Eh, I think you need to brush up slightly with your info, or stop by your in-house legal department to chit chat.And yes, I understand price fixing, collusion, monopoly abuse, etc. I work in an industry that's had plenty of experience either dealing with it or being accused of doing it.
Umm, yes you do. Don't believe me? Ask the DOJ:
http://www.usdoj.gov/atr/public/guidelines/pfbrprimer.pdf
Can someone help me with some question I have about have 2 screens, I have a 19" right now but woundering to buy a secend one. I have GeForce 8600 GS and it have one DVI contact and one VGA (I use the DVI), I'm undring if I can get 1440 x 900 with VGA contact. Or will it be eny difference at all?

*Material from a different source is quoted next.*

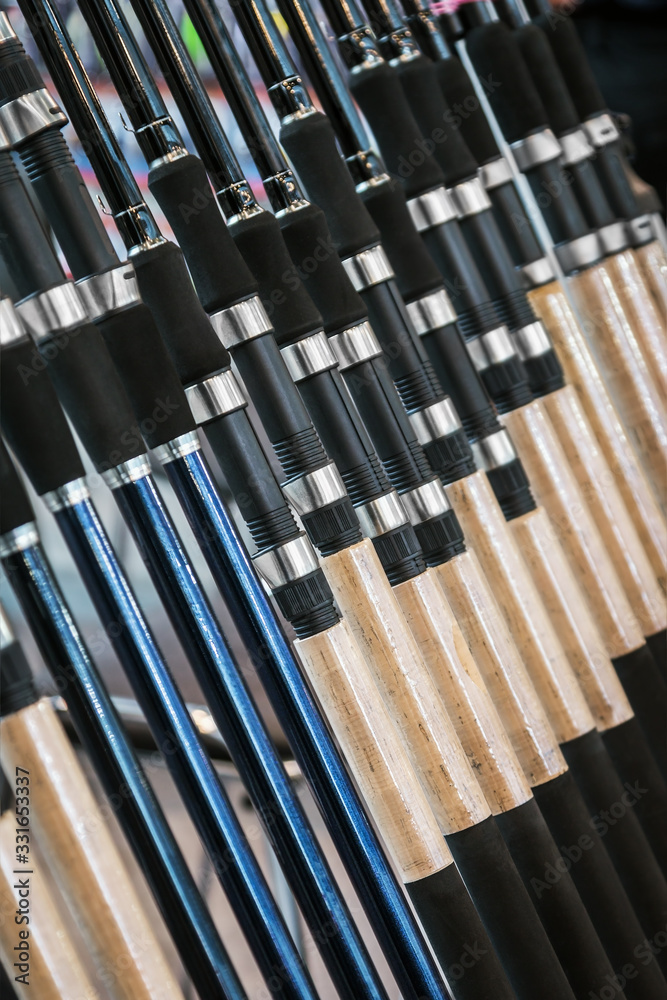 different rods and spinning rods for fishing on the counter in the store. Shallow depth of field different rods and spinning rods for fishing on the counter in the store. Shallow depth of field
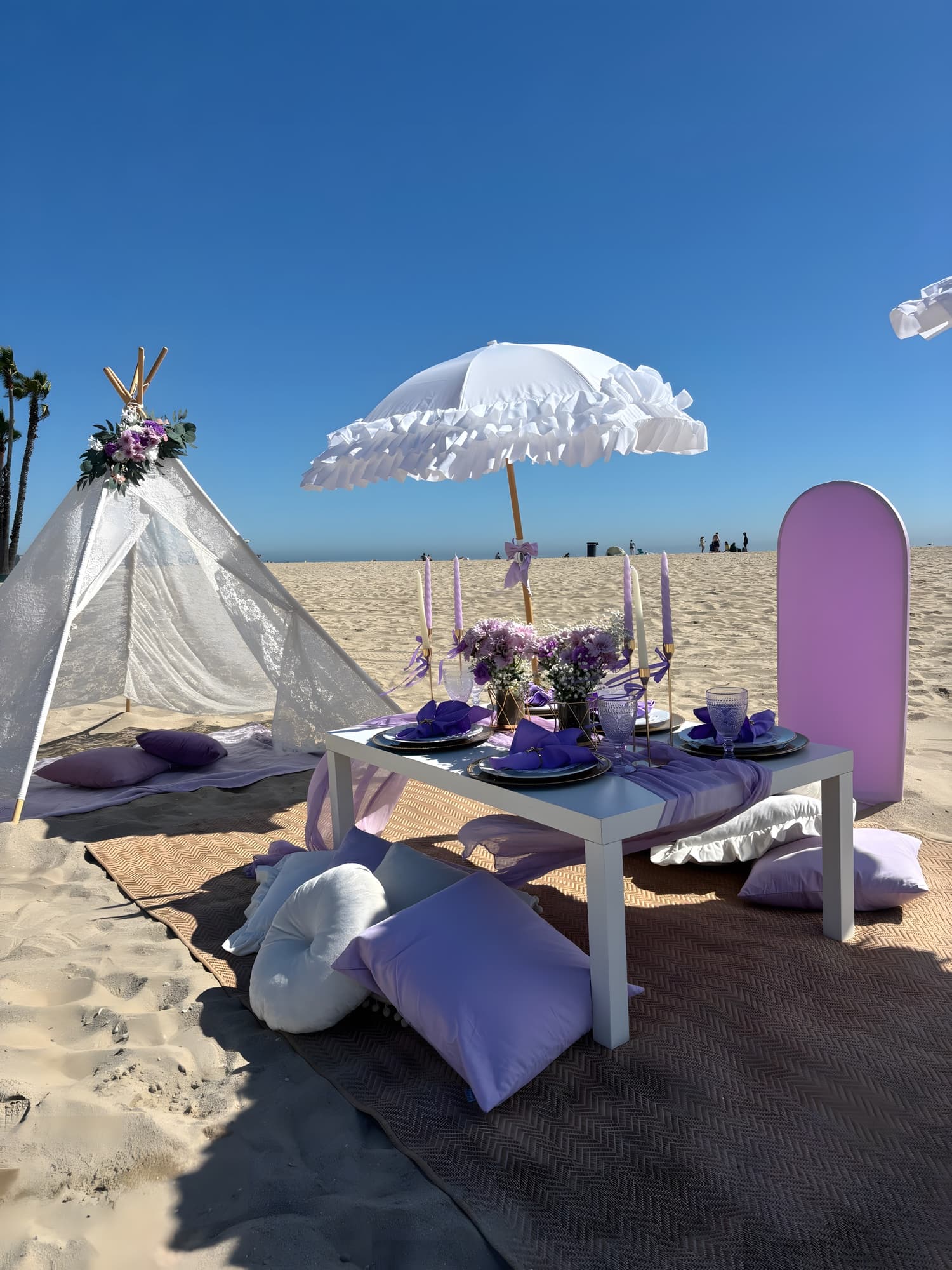 A lavender beach picnic with purple napkins, a ruffled umbrella and a lace teepee under a clear blue sky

Seems like a silly policy that pisses off both retailers and consumers and doesn't accomplish anything in the end. Limiting the ability of retailers to control their own pricing removes their ability to effectively compete and goes against the fundamental concept of a free market. Hopefully nVidia will see how ridiculous this system is and will kill it within a few months.
Kudos to you guys for bringing this out into the open. Now that nVidia will probably be receiving tons of backlash from this, they'll be all the more likely to end this quickly(hopefully).
Cards from two separate retail companies will work together in SLI mode, but they must be the same GPU model (e.g. G70, G73, G80, etc). The cards may have different BIOS revisions, different default clock speeds, or even different memory sizes. However, the fastest card or the card with more memory - will run at the speed of the slower card or disable its additional memory
Very Nice, Thanks for sharing with us
Just one more reason for my next video card to be ATI again.
To bad I ran the other way to ATI because I am sorry... price was a factor
i think nvidia would win the video card war regardless this fact. they just got more user friendly products imo
What is this, some kind of one year anniversary? Why won't this thread die?
UPDATED: New GPUs now UMAPped. GeForce GTX 260; GTX 280.
Look at the date on that edit. It was made over ten months ago.From the edited 1st post:
nVidia = still pricefixing after all these years.